Nearly 80 per cent of businesses have Macs in-house, nearly double the number that said they had users running Mac OS X two years ago, a research firm said Thursday.
"Then we were talking about onesies and twosies," said Laura DiDio, a Yankee Group research fellow who conducted a survey of over 700 senior IT administrators and C-level executives. "Now the number of actual users is very significant. A number of the businesses said that they had 50 or 100 or even several thousand Macs deployed."
In early 2006, when DiDio last polled corporate IT professionals on Mac deployment, 47 per cent said that they had Apple hardware in their environments.
DiDio was impressed with the growth of Macs in business considering that Apple Inc. itself has put little to no official effort into that part of the market. "This isn't a tidal wave, but it's certainly a sustained trend," she said. "Apple has a beachhead in business. Where it once had just 1-2 per cent market share in corporate, now they're up to 8-10 per cent," DiDio added.
Twenty-one per cent of the firms surveyed reported they had deployed more than 50 Macs. "This isn't mickey mouse, it's not just onesies and twosies anymore," DiDio said. "Apple's graduated into the big league."

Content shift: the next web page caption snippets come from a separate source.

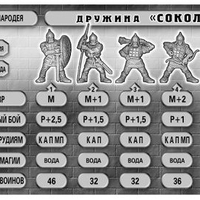 arm_sokol.jpg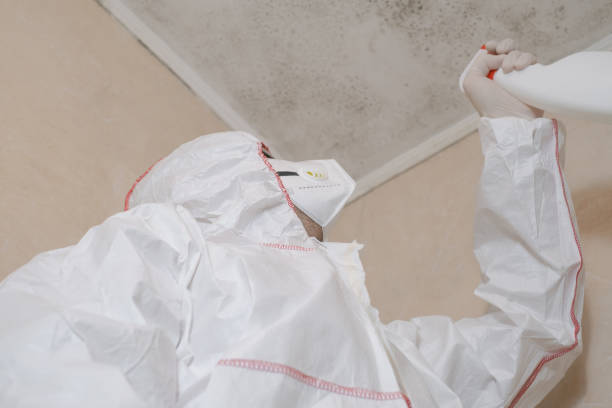 Best Toxic Mold Removal  in Heathcote, NJ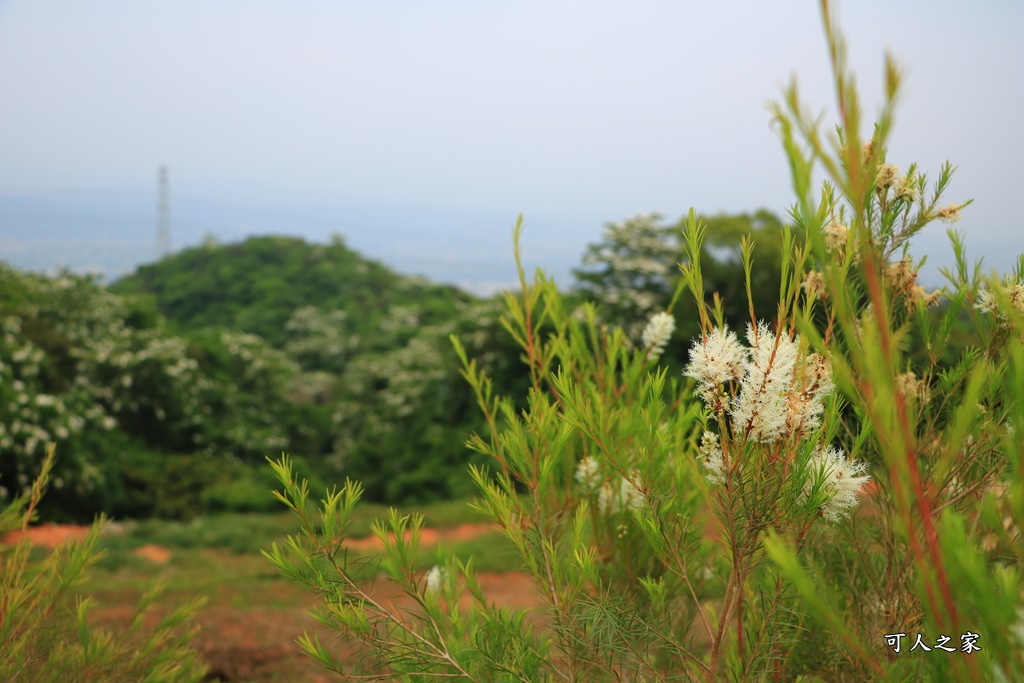 休閒,南投假日限定景點,南投放鬆景點,南投旅遊去,南投景點餐廳,放鬆,餐廳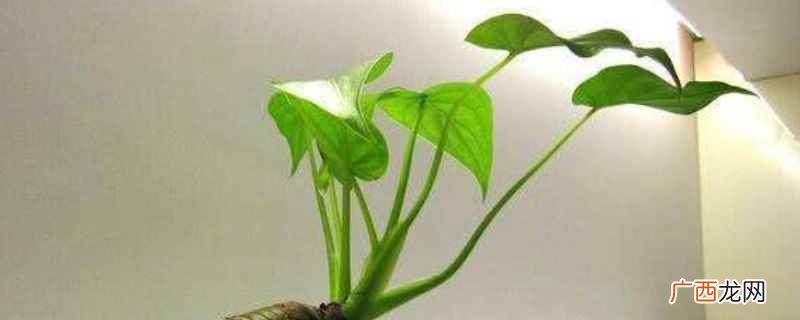 滴水观音会开花吗开什么花好看 滴水观音会开花吗开什么花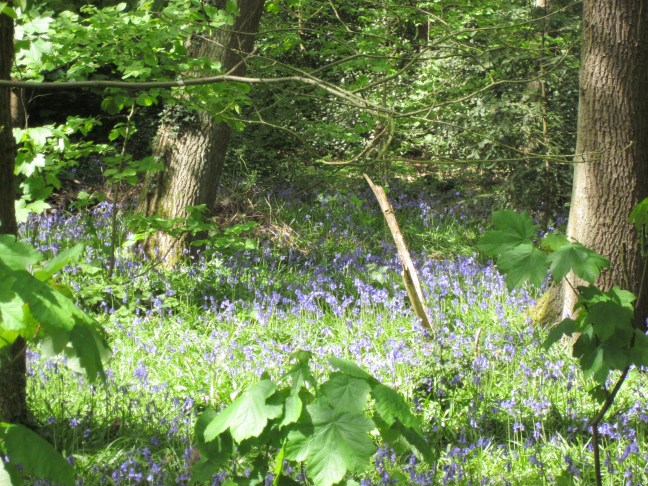 The smell of the Bluebells was amazing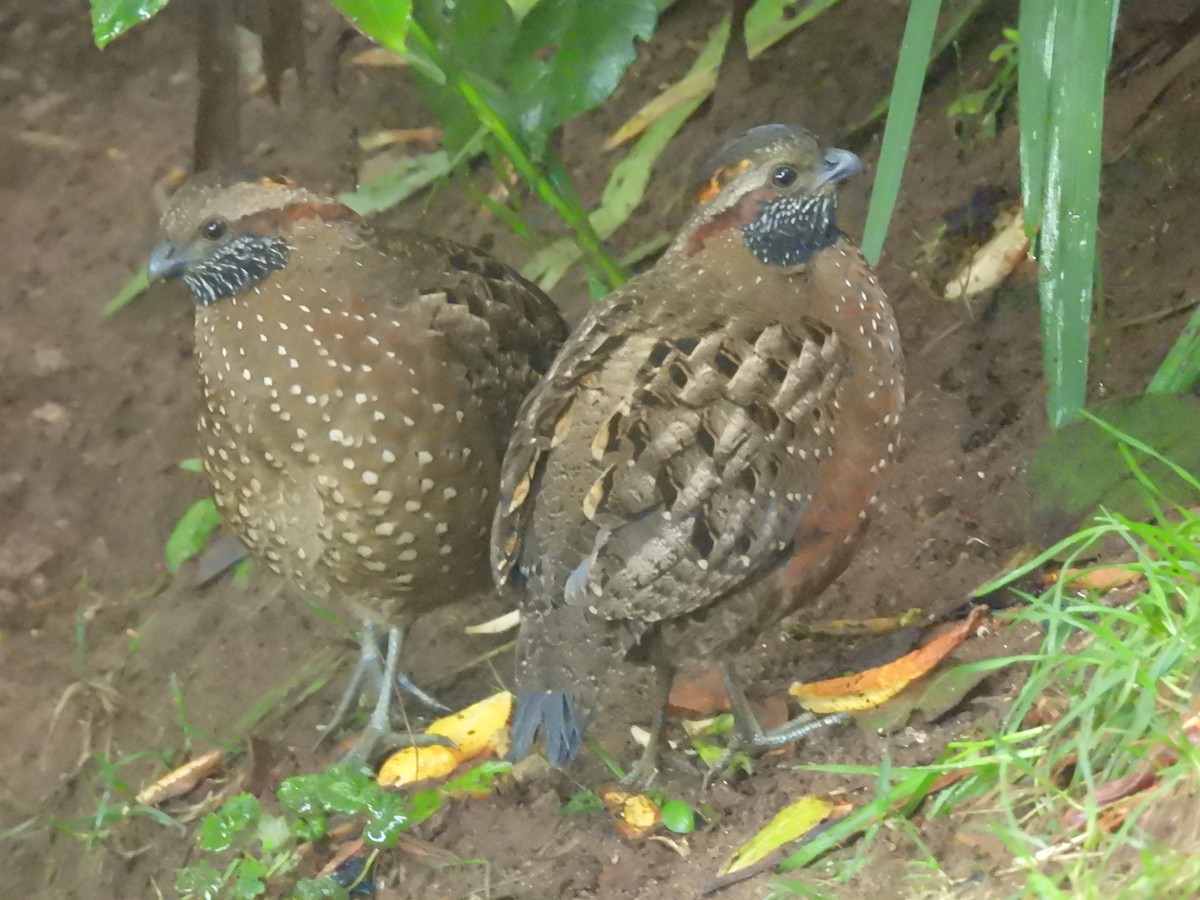 Spotted Wood-Quail - ML638112381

Among the reasons businesses cited to explain why they've taken to Macs, the most surprising was the ability to virtualize other operating systems, primarily Microsoft's Windows, on Mac hardware. "That's clearly spurring some businesses," DiDio said. "A number of the respondents said, 'Oh, guess what, we're using the Mac to load Vista or XP on there and using Mac hardware."
More than a quarter of the firms surveyed -- 28 per cent -- said that they are running Windows in a virtual machine on the Macs they have. Slightly fewer, 22 per cent, confirmed that their Macs are set up to boot either Windows or Mac OS X using the latter's built-in dual-boot utility, Boot Camp.
DiDio called out virtualization software from US-based Parallels and VMware as the tools enterprises are using to run non-Apple operating systems on Mac hardware. IT professionals noted that the reliability of Apple's hardware was a factor in shifting to Macs. Almost eight out of 10 of the people surveyed rated Mac hardware reliability as either "excellent" or "very good."
"There's no doubt that user confidence in the reliability of both the Macintosh hardware and software products is having a tangible impact on corporate purchasing and deployment trends," DiDio wrote in a draft of a report based on the survey that she will soon release.
Other enterprise IT administrators said they had gone virtual in an attempt to sidestep the management overhead required for Windows on physical PCs. "Many of our Windows developers have switched to XP and Vista virtual machines running on Macintosh hardware to circumvent the downtime they experienced with the unreliability -- viruses, spyware, disruptive automatic updates -- of Windows XP running on PCs," one IT manager told DiDio in a follow-up interview.
But while businesses are willing to bring in Macs, there's no indication that an appreciable number are considering swapping out current hardware for Apple's across the board. "Some have a problem with the management tools [available for Mac OS X]," said DiDio. "The tools are lacking, and the enterprise hardware and software support is not equivalent to what's available for Windows."
Even so, other IT professionals have made the case that some of Mac OS X's tools make up for the lack of management support. "All these tools that the Mac [OS X] has, like desktop search [with Spotlight], iChat and Time Machine make a very compelling case to install Mac," she said.
"The difference now is that it's much more concerted and formalized," DiDio concluded, talking about current Mac adoption trends. "People are making the choice to go with Apple, not just to let it in, but that it's a viable choice."